Selling and Marketing Expenses
Selling and marketing expenses for the 2013 first half of $2.6 million remained unchanged compared to the 2012 first half. As a percentage of net sales, selling and marketing expenses decreased to 8.0% in the 2013 first half from 8.2% in the 2012 first half. Although the dollar amount of selling and marketing expenses did not change, there was a decrease in commission generating revenue in the 2013 first half compared to the 2012 first half; thus, commission expense as a percentage of net sales was lower in the 2013 first half compared to the 2012 first half.
General and Administrative Expenses
General and administrative expenses for the 2013 first half of $3.9 million remained unchanged compared to the 2012 first half. As a percentage of net sales, general and administrative expenses decreased to 12.0% in the 2013 first half from 12.1% in the 2012 first half. Although the dollar amount of general and administrative expenses did not change, there was an increase in domestic salary expenses and expenses related to ETC-PZL and ETC-Europe, offset by a decrease in consulting expenses and the absence of a one-time charge to vacation expense in the 2012 first half.

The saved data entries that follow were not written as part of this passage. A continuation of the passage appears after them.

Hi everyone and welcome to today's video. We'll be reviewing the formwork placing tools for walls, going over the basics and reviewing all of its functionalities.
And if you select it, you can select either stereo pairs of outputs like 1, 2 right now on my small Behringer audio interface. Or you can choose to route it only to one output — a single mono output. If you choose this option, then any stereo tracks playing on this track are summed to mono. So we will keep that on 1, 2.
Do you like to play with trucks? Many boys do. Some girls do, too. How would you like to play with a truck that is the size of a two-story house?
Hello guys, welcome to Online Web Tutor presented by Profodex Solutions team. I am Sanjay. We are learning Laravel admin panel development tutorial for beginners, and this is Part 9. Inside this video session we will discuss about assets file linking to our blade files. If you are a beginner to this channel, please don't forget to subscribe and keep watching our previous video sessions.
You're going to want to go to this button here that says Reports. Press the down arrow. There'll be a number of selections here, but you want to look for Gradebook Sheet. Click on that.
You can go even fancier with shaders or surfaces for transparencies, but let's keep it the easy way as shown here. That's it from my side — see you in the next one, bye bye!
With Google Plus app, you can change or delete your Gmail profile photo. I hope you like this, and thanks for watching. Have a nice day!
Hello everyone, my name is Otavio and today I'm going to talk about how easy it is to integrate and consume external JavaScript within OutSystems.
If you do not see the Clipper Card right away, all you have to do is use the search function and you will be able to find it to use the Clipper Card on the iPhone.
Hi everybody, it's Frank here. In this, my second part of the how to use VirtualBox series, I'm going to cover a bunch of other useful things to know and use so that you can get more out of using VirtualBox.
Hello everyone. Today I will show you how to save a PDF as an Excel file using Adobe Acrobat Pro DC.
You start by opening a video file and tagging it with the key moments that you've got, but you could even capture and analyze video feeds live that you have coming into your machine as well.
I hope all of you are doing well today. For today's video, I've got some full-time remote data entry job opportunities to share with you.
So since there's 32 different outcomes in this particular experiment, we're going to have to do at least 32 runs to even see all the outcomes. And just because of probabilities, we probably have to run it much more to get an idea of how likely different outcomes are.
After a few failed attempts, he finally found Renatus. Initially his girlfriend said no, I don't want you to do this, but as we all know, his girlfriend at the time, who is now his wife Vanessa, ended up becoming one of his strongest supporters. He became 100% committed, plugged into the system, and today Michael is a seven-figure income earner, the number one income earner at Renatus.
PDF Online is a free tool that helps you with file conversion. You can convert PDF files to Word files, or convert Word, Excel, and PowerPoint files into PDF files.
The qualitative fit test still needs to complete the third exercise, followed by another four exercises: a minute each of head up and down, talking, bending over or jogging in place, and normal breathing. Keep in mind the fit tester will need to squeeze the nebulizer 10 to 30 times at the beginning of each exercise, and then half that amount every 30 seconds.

Research and Development Expenses
Research and development expenses include spending for potential new products and technologies, and internationally, work performed under government grant programs. This spending, net of grant payments from the Polish and Turkish governments, totaled $0.6 million for the 2013 first half compared to $0.4 million for the 2012 first half, an increase of $0.2 million, or 69.8%. The increase was a result of less research and development employees being assigned to specific contracts; thus, expenses related to these employees were included in research and development expenses in the 2013 first half. Most of the Company’s research efforts, which were and continue to be a significant cost of its business, are included in cost of sales for applied research for specific contracts, as well as research for feasibility and technology updates. As a percentage of sales, research and development expenses were 2.0% in the 2013 first half compared to 1.2% in the 2012 first half.
Operating Income
Operating income decreased by $0.1 million, or 2.9%, to $5.4 million for the 2013 first half compared to $5.5 million in the 2012 first half. Operating income as a percentage of net sales decreased to 16.5% from 17.2% in the 2012 first half. On a segment basis, Aerospace had operating income of $4.0 million for the 2013 first half, a $1.0 million decrease from operating income of $5.0 million in the 2012 first half. CIS had operating income of $2.7 million in the 2013 first half, a $0.7 million increase from operating income of $2.0 million in the 2012 first half. These segment operating results were offset, in part, by unallocated corporate expenses of $1.3 million and $1.5 million in the 2013 first half and the 2012 first half, respectively.
Interest Expense, Net
Interest expense, net, for the 2013 first half was $445 thousand as compared to $357 thousand in the 2012 first half, representing a higher level of bank borrowing as a result of cash used in operations through the better part of the 2013 first half, primarily for costs and estimated earnings in excess of billings on uncompleted long-term contracts.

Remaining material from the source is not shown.